Se lo escuché a José Andrés mientras compartíamos unas sardinas y unos pimientos de Padrón en el Bar Santurce en el Rastro de Madrid. “Sí, pruébalo”, me dijeron Inés y Carlota y a ellas les prometí hacerlo pese a mi escepticismo.
Seis meses más tarde, en la intimidad de mi cocina, en la misma que escribo, empuñé el cuchillo y la desnudé. La piel cayó con sus semillas y dejó el interior de corazón. Desvestirla le supuso perder algo de su identidad, de su fuerza y bravura, para convertirse en otra cosa, más pequeña, más suave, más dulce. Seguía siendo fresa, pero ya no tanto.
La diosa babilónica Isthar descendió al infierno y en cada una de sus siete puertas fue privándose de uno de sus atributos. Despojarse de todo y salir más pura (quizás más fuerte).
En un teatro Cristina Fallarás, Vicky Rosell, Carla Vall, Marisa Kohan. Hablan de la sutil mentira que nos hemos contado muchas veces a nosotras mismas con respecto al consentimiento, porque te dan el relato que debes creerte: que haya sido una pareja fortuita un día antes no justifica que te viole al día siguiente; que le hayas dado un beso no significa que quieras practicar sexo vaginal, que hayas practicado sexo vaginal no significa que quieras practicar sexo anal. Cuanto más duro sea el sexo que se practica más diálogo y consentimiento existe, porque el sexo no es cuestión de poder sino de empoderamiento entre iguales.
—Voy a pelar una fresa —le dije a Ari.
—¿Cómo se pela una fresa?
—Con un cuchillo.
—Me parece complicado.
—¿Por?
—Es pequeña, suave. Se puede estropear.
Todavía hay jefes de sala que se mueven histriónicos por el teatro del restaurante. Un día te adulan por tu compañero político, otro te ignoran con tu compañera escritora. Don Julio el maître se acerca a voces con la pregunta retórica de “¿Está todo bien? Que no falte café, ¿o prefieres un ron, una ginebra?”.
—Ya no bebo —contesto, pero sigue enumerando bebidas, así que insisto.
—No bebo alcohol.
Me mira y aprovecho entonces a decirle que me gustaba demasiado, pero que ahora no puedo. Y entonces calla.
—¿En serio? —asiento y pregunta bajando la voz si lo llevo bien.
En una de mis clases en el Master de Innovación y Cultura Gastronómica en la Universidad de Cádiz hice la prueba. Sin preámbulos ni explicaciones pedí pelar las fresas. Algunos me miraron incrédulos, otros rieron, varios se enfadaron y alguno soltó con desaire: “¡Pelar las fresas!”.

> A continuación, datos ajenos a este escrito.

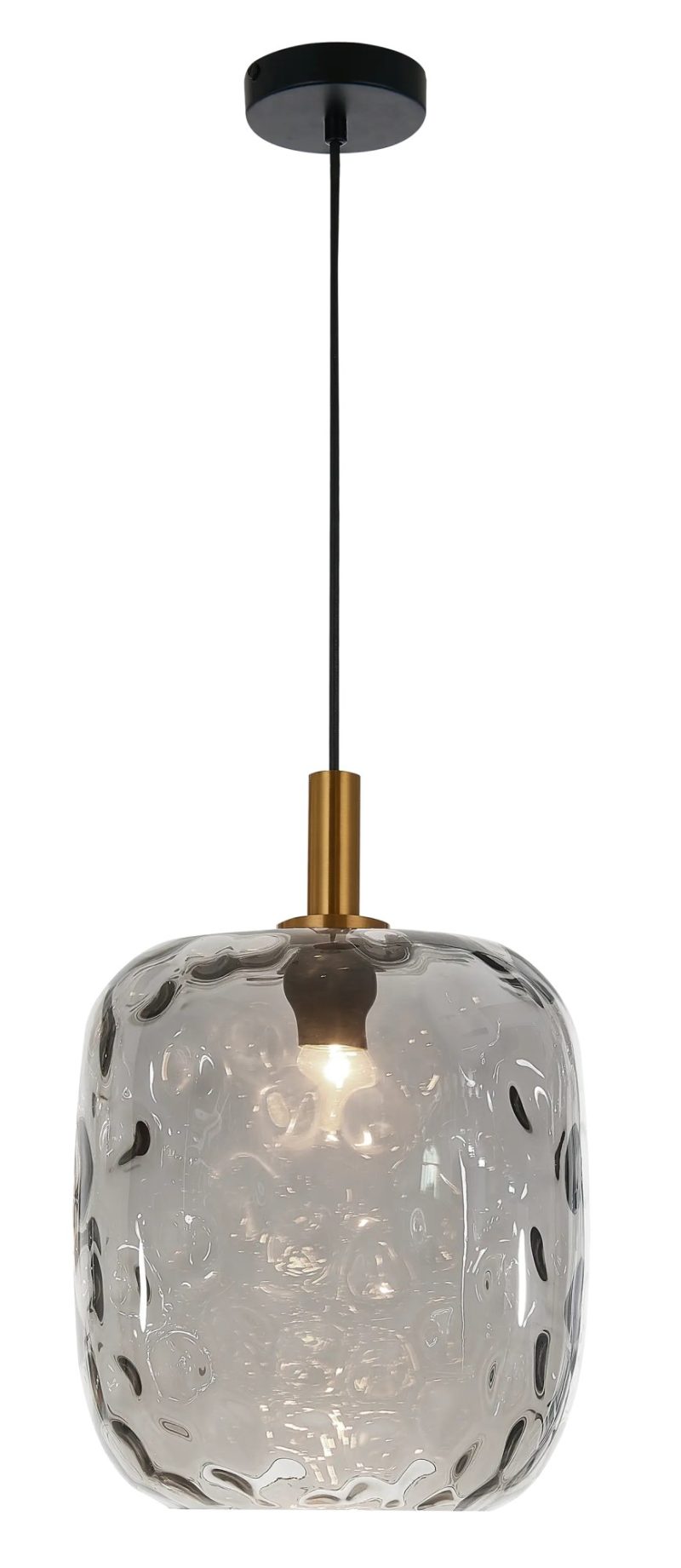 Fantasia Okiru Pendelleuchte E27 schwarz, aschgraues Glas Ø275mm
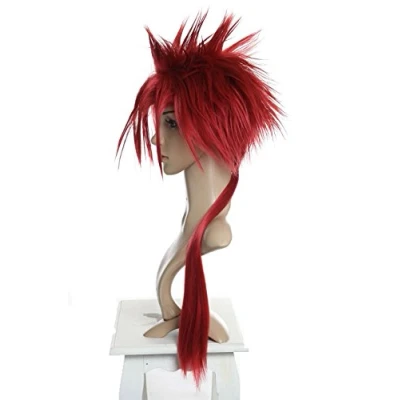 Abbildung von Prettyland Final Fantasy Cosplay lange langhaar Perücke Reno Spiky Rot Red Anime Manga Wig C413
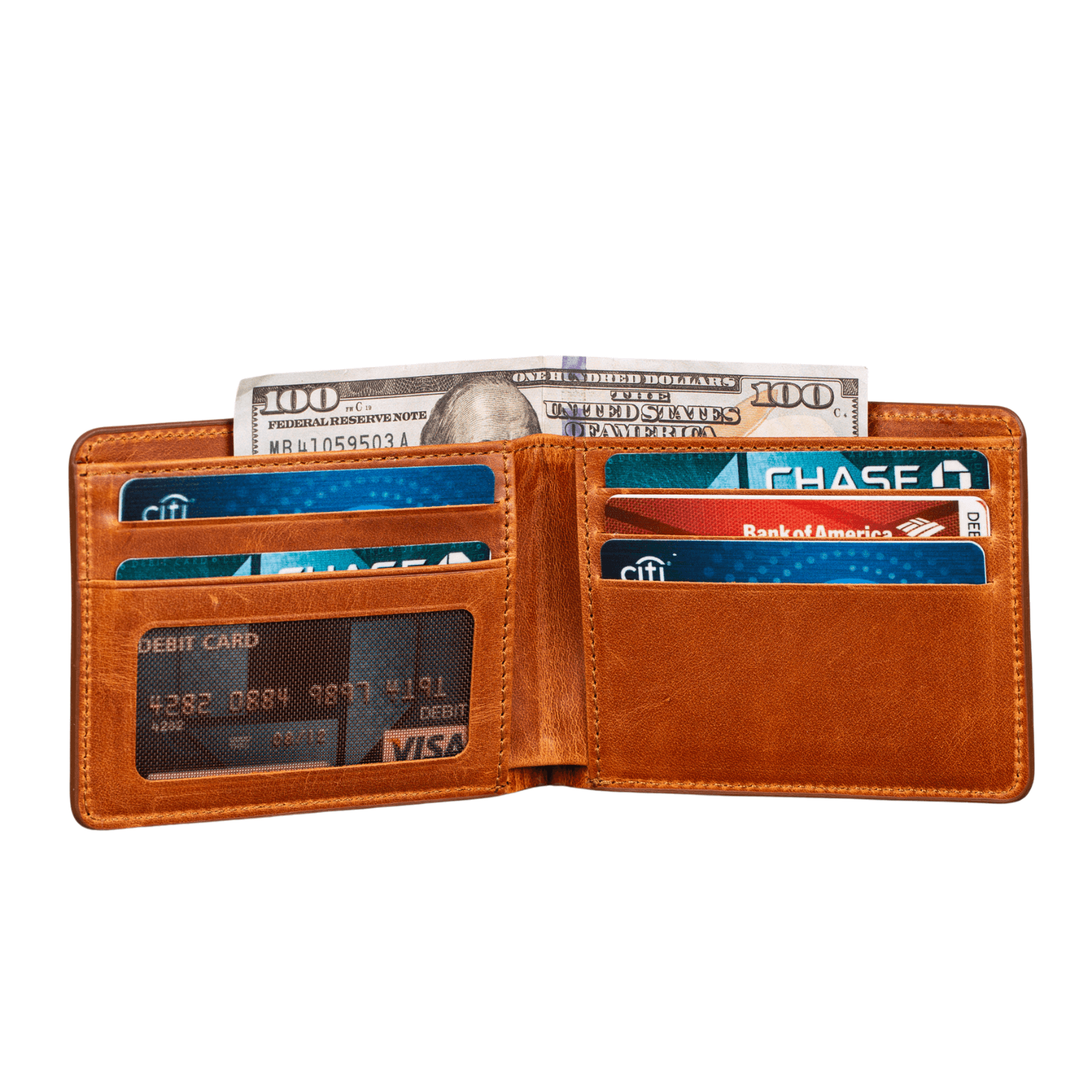 Premium Leather Bifold Wallet - Rich Brown - Washington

Tres estudiantes se prestaron a pelar su fresa frente al resto. De forma torpe en ocasiones, con destreza en otras, en peladura perfecta o intermitente. Para A. no era nuevo ver caer la epidermis de la fruta. Una vez capturó así sus semillas para sembrar el jardín. En el caso de E. era cosa habitual en su cocina profesional donde elaboraba con su carne limpia una gelatina. P. nunca lo había pensado, pero quizás así el corazón de fresa podría convertirse en el centro de un maki, quién sabe.
Al probarla muchos sintieron rechazo. No era su fresa. La de siempre. Otros, sorpresa. Algunos tuvieron que volver a probarla como si quisieran guardarla para tiempos en los que haya que bajar y abrir puertas hasta el infierno.